Jeep HEI conversions are cheap. I bought the complete distributor setup, with the gear on Ebay <brand new> for $82 delivered.

The only other thing you need to buy is a set of plug wires for a 1981 chevy truck with an inline 6. I think I spend $19 for the wires.

The entire comversion took me less than an hour.

A Weber and HEI are the two best things you can do to your Jeep. It makes all the difference in the world in terms of performance and reliability.

The factory ignition system is JUNK. The smogged out carburetor is worse! John Nutter had a great idea on decomputerizing the system, but doing it right really means installing HEI and Weber.

I have had really good luck with the 34/34 Weber. It provides good primary economy and has a powerful manual secondary.

Removing all the hoses, wires and sensors will make for a clean engine compartment, and eliminate any confusion about what is what under the hood. Once the new parts are installed and all the smog junk is removed, the engine looks as simple as a tractor motor - the difference is that it will start easily and far out perform the factory setup.

Some states do not allow these modifications. I have no idea how the new system would do in an emissions test.

Even though the old CJ runs great now, I eventually want to stick a Cummins 4BTE Diesel in it. Hey, a guy can dream, right?
 
#24 ·
I would like to update my previous post.

I recently did the "Junkyard TBI" conversion. If one word could describe all my thoughts on this it would be "awesome".

The whole process took less than 8 hours of my life, and cost me about $100 dollars.

I went to the junkyard and asked for a price for all the engine control electronics off a 1993 S-10 pickup, including the harness, throttle body, and ECM. The guy told me $100. I ended up trading him for the old 4.2 head, exhaust manifold and valve cover, which I removed during my 4.0 head swap.

Since the S-10 had a newer ECU, I stopped at a 1990 Astro van on my way out, and grabbed the ECM from it, along with 2 feet of harness.

On the way home, I stopped at the auto parts store and purchased a TBI rebuild kit, 14 PSI electric fuel pump, an o2 sensor, some wire, heat shrink, wire loom and a fuel filter, all for $92.

I went home, and did some internet research from binderbench.com and jeepforum.com on which wire in the harness goes to which sensor and made my own harness in a little over 3 hours.

The thing installed in just a couple hours and works great.

I had a very nice Weber on before, which worked pretty well, but this conversion is SO EASY, and now the Jeep starts with one quick turn of the key. There is no more sputtering on hills or flooding.
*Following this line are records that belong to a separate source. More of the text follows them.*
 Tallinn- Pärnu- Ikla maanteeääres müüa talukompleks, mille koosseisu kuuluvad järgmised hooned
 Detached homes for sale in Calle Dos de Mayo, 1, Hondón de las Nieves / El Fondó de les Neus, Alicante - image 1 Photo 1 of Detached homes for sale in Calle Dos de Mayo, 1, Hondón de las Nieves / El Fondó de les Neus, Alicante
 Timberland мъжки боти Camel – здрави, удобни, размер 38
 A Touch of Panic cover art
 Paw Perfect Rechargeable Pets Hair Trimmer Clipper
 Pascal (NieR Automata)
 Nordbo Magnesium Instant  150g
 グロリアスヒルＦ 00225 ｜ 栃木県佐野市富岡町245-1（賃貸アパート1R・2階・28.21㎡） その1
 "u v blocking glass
One thing to note, is that I did not use the electronic spark control. I used the "EST high reference" wire from the ECM to connect to my tach lead on the HEI distributor, and connected the "switched 12V" to the hot side of the HEI and that was it for pulse reference.
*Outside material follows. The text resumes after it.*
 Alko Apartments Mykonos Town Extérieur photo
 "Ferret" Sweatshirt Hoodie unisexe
The great thing here, is that all GM TBI systems use the same color wires to the sensors, so making the harness is a breeze.

I would highly encourage anyone to do this and eliminate carbs all together.

For people who are intimidated by a little soldering and wiring, Howell has this conversion with all rebuilt parts and a pre-assembled harness for around $1000. I spent a four hours and did it for only $100 ($200, if you don't have anything to trade to the junkyard).

There is plenty of research material on how to do this available for free on the internet (google search Jeep TBI swap).
 
#25 ·
Yeah! Way to go. :thumbsup: I just recently finished swapping out my Weber'd 4.2 for a MPFI 4.0. I haven't really had a chance to drive it around since I'm swapping the axles out now, but already I'm loving the fuel-injection. Don't get me wrong, I put 40K miles on my 4.2 with the Weber and TFI ignition, and it was so much better than stock.... but in my opinion fuel injection can't be beat. I was actually going to go the junkyard GM TBI route until I came across my low-mileage XJ donor with 4.0 and AX-15 too.